Of course, any bullying your child is experiencing isn't his fault, so make that clear. You want him to know that you're on his side and ready to help him get through this. Be sure to tell him that you're proud of him for telling you what's going on. That's not easy for most kids to do.

Take Action Against Bullying in Sports

It's important to get involved right away. Kids in this situation really need help from trusted adults, so don't expect your child to go it alone. The National Alliance for Youth Sports (NAYS) offers these tips kids can use when they're confronted with bullying. Talk them over with your child. Sometimes role-playing helps too.

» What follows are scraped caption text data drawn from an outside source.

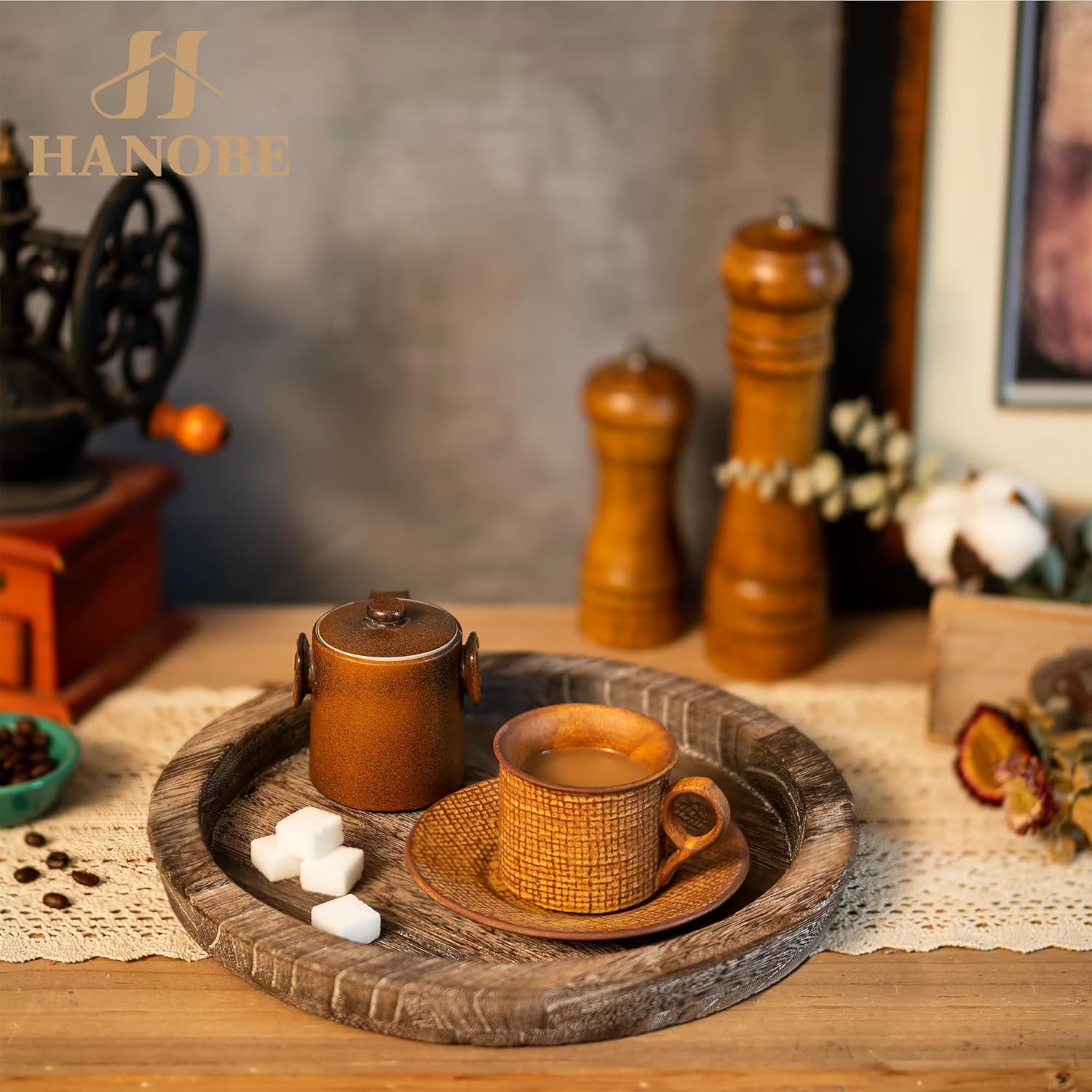 Hanobe Wooden Tray for Coffee Table: Candle Holder Plate Round Decorative Serving Tray - Vintage Table Centerpiece Rustic Farmhouse Home Decor - Image 7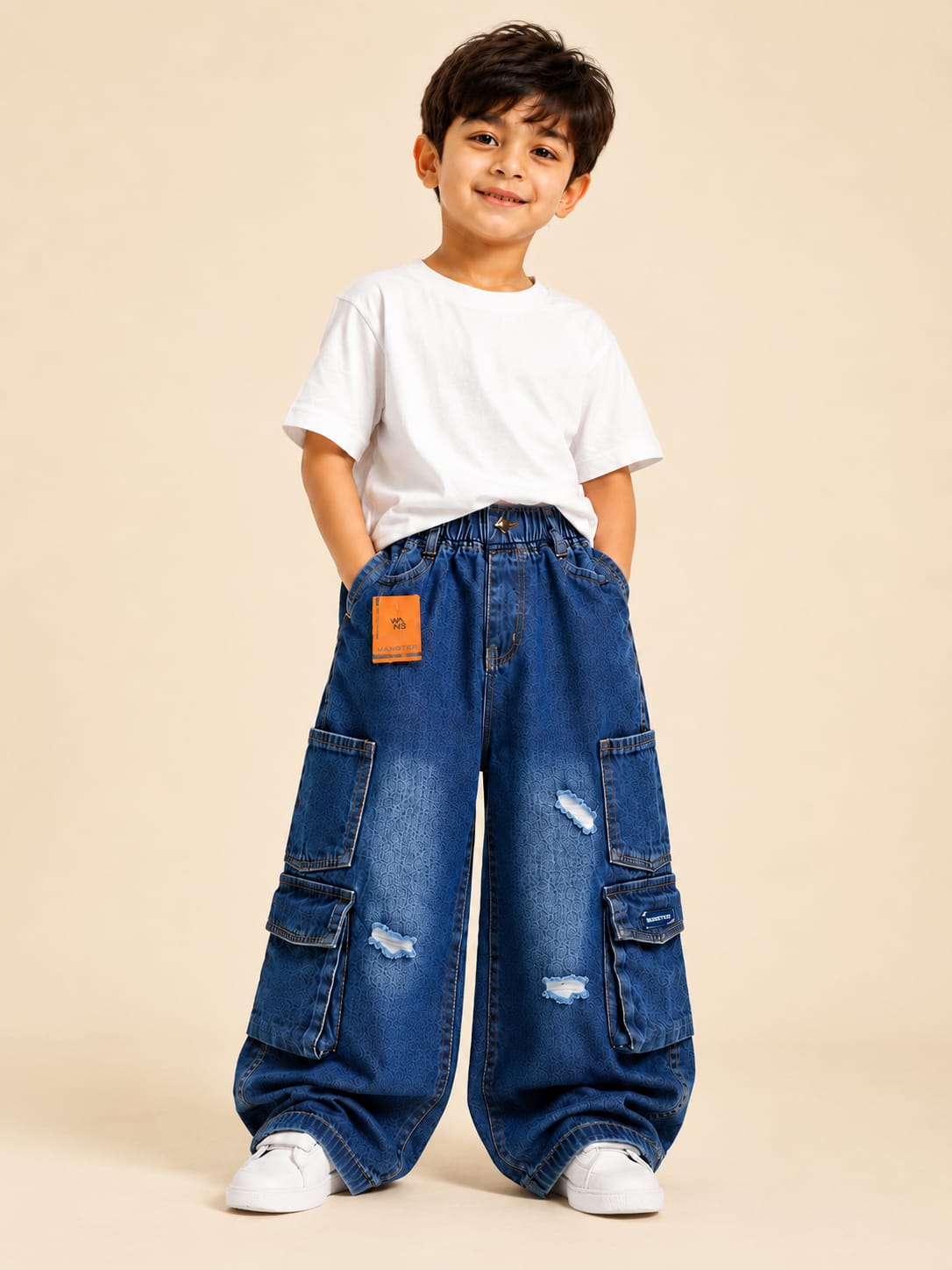 Kids Distressed Cargo Baggy Jeans | Wanster Premium Blue Denim Wide Leg Pants | 6–8 Years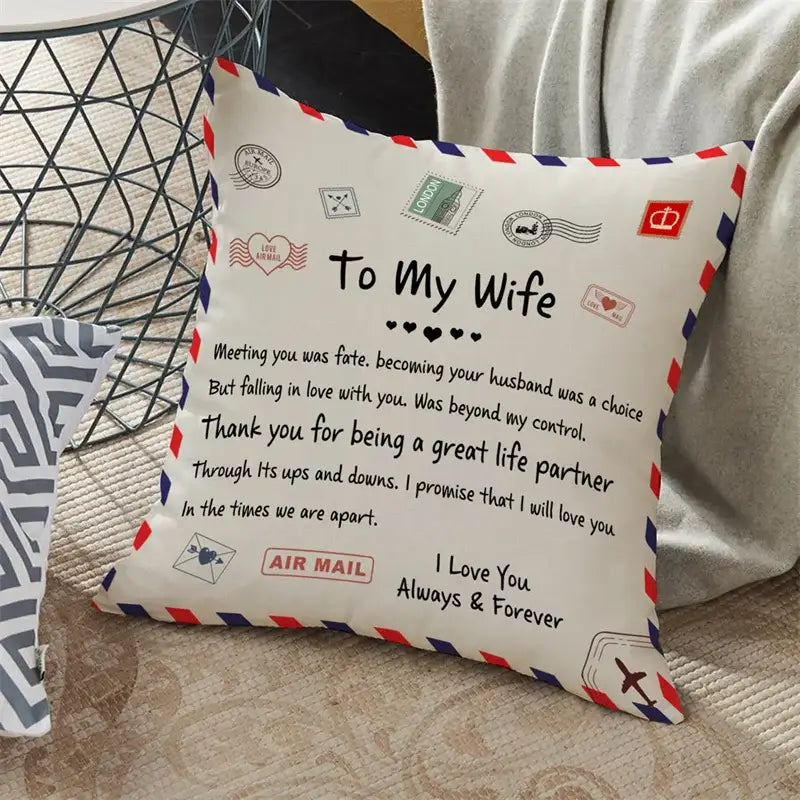 Vintage beige & red mom cushion cover bedroom family gift decor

  • Take a deep breath and let the air out slowly.
  • Stand tall with your head up.
  • Keep your hands at their sides.
  • Have a relaxed and focused facial expression, not angry or laughing.
  • Maintain eye contact.
  • Speak with a calm voice but loud enough to be heard by the child who is bullying or those who are witnesses.
  • Use non-confrontational words but with a confident tone of voice. (He might say, "That's bullying and I don't like it. Stop it so we can all have fun here.")
  • Avoid name-calling or making threats.
  • Avoid finger-pointing or other threatening gestures.
  • Be brief and direct with your responses.
  • Avoid bringing up old grudges.

While empowering your child is important and helpful, it's likely you'll also need to bring this issue up with his coach, too. (Avoid contacting the bullies or their parents yourself, or making your child meet with them.)

A face-to-face meeting with the coach is best, says NAYS, because it shows you take this seriously.

The coach needs to be an ally for all of his players. Ask what the coach can do to help your child (and every child) feel safe as a member of the team. If you're not satisfied with his response or it's not effective, contact the baseball league's administrators to ask for their help. Keep your child in the loop, too. He may have his own ideas about what would make him feel safe. If that includes switching teams or even quitting, support his decision.